Musamot Honsa Khatun from Banderdubi said,
“We have been staying in this place for over 60 years… I was born here… They suddenly cannot ask us to leave… where will we go?”
Gogoi argued that compensation should be paid before any evictions. The government is proposing to provide compensation, but only after the evictions. 30 to 40 days after the evictions. Gogoi pointed out that without alternative land and compensation, there was nowhere for people to go.
Gogoi proposed that the government should allow the people to remain in their villages for three months. Then, they the government should provide alternative land and compensation money. Gogoi said that the people would have gone willingly after three months without any confrontation.
Instead, before the evictions the Nagaon district administration imposed Section 144 of the Criminal Procedure Code, which prohibits an assembly of more than ten people.
Racism from India’s Prime Minister
India’s Prime Minister, Narendra Modi, is head of the right-wing, Hindu nationalist Bharatiya Janata Party. In 2014, addressing an election rally, he accused the Indian National Congress party (which was then in government) of wanting to get rid of the rhinos to make way for Bangladesh settlers:
“Aren’t rhinos the pride of Assam? These days there is a conspiracy to kill it. I am making the allegation very seriously. People sitting in the government… to save Bangladeshis… they are doing this conspiracy to kill rhinos so that the area becomes empty and Bangladeshis can be settled there.”
Modi’s racist conspiracy theory makes no sense. So far this year, poachers have killed 14 rhinos. But while poaching is certainly a problem, the number of rhinos in Kaziranga is increasing. According to census carried out in 2015 there are 2,401 rhinos in the national park. The number had increased by about 110 since the previous census in 2012.

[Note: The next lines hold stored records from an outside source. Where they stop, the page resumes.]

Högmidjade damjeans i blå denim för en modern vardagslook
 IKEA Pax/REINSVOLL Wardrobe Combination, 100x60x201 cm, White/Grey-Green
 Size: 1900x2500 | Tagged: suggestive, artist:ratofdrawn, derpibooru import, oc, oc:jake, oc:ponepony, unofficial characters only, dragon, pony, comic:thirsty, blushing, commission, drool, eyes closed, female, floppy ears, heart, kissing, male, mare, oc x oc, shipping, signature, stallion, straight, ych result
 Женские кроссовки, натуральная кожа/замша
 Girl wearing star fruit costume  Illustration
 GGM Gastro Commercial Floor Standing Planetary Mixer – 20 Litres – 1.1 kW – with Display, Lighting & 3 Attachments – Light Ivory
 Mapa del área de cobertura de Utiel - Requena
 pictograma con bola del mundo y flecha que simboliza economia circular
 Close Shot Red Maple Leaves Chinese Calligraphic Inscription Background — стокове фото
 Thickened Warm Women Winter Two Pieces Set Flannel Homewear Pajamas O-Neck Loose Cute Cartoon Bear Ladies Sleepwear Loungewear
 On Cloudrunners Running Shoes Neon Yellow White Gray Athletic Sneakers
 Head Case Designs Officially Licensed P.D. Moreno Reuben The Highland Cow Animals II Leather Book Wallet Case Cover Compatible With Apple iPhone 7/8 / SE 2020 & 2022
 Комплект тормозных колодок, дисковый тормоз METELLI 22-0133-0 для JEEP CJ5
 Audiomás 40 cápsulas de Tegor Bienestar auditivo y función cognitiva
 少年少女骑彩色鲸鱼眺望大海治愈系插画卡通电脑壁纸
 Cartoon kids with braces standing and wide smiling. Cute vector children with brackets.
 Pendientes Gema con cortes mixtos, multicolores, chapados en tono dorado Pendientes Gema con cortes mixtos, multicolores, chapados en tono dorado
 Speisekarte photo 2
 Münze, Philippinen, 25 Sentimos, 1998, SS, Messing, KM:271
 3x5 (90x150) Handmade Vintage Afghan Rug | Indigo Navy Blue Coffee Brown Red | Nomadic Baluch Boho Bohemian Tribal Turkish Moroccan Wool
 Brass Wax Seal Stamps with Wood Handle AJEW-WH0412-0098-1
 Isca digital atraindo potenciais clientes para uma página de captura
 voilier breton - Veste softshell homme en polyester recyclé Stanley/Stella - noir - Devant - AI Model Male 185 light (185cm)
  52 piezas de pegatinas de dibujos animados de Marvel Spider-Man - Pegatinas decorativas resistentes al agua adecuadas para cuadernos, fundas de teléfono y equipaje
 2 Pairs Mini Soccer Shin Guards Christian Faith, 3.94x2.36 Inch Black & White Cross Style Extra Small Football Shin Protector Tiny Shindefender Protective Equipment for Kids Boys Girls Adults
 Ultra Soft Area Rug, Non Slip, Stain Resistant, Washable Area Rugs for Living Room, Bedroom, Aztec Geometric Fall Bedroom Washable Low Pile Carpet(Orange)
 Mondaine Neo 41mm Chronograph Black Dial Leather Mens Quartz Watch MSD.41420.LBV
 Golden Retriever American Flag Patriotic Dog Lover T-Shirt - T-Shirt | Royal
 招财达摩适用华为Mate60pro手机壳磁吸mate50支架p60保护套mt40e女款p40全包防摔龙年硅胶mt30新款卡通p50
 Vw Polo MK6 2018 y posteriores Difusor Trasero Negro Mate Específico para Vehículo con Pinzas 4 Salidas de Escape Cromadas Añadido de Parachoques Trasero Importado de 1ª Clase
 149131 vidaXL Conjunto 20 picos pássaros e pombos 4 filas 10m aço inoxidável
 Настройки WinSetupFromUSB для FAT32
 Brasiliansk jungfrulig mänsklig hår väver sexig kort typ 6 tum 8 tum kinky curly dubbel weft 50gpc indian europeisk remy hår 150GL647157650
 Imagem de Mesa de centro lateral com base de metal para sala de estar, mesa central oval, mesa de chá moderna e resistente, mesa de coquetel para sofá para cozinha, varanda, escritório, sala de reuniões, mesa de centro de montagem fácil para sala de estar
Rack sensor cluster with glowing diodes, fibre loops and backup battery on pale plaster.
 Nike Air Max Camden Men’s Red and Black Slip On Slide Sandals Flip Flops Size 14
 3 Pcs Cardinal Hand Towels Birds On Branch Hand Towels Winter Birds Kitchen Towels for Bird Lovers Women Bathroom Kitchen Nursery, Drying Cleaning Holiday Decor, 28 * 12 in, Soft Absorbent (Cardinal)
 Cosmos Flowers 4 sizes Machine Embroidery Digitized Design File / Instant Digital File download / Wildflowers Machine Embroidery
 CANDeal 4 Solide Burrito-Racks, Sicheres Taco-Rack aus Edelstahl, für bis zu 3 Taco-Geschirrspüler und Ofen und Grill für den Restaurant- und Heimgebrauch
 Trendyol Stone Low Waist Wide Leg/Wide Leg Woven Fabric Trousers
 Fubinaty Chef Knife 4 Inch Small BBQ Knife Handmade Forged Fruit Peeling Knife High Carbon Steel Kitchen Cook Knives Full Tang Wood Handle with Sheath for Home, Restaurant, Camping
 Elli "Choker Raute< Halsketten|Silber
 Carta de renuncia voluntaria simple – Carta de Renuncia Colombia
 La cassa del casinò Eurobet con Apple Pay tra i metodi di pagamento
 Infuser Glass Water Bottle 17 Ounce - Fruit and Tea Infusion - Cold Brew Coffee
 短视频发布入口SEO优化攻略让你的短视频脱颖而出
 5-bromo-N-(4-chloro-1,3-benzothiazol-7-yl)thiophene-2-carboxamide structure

Meanwhile, the villagers have records proving ownership of the land. And in the 1960s, the state built schools in the area.
Modi promised that his government would take action. “Those who are conspiring to finish off rhinos, they should listen to this carefully,” he said. After the elections, “they will be taken to task one by one.”
The India Times reported Modi as saying that, “local people are getting unemployed as people migrating from Bangladesh are taking up jobs”.
Ram Madhav, General Secretary of the Bharatiya Janata Party, boasted about the evictions on his Facebook page and made no mention of the fact that two people were killed:
Upholding its poll promise the Assam government has today evicted 1800 families of illegal settlers from Kaziranga National Park area. Initially the state government had information about less number of occupiers. But when the actual eviction operation began it turned out that colonies have been put up by infiltrators occupying vast tracts of the National Park. Some 100 odd families have voluntarily left the occupied land while the government was compelled to use force for the eviction of others.
Government’s bold move to protect the world heritage site of Kaziranga National Park has been widely appreciated by the people of Assam.
A gross breach of human rights
The evictions come one week after the arrest of Sabar Ingleng, who is reported to have killed 20 rhinos in the past four years. He was arrested in the Karbi Anglong hill district, an area of thick forest bordering the national park.
Ingleng is suspected of being the head of a large poaching network. The police are hoping that during interrogation he will give the names of other poachers active in Kazirangar.
Arresting a poaching kingpin makes sense. Killing two people while evicting villagers without compensation or alternative land is a gross breach of human rights that does nothing to conserve the rhinos.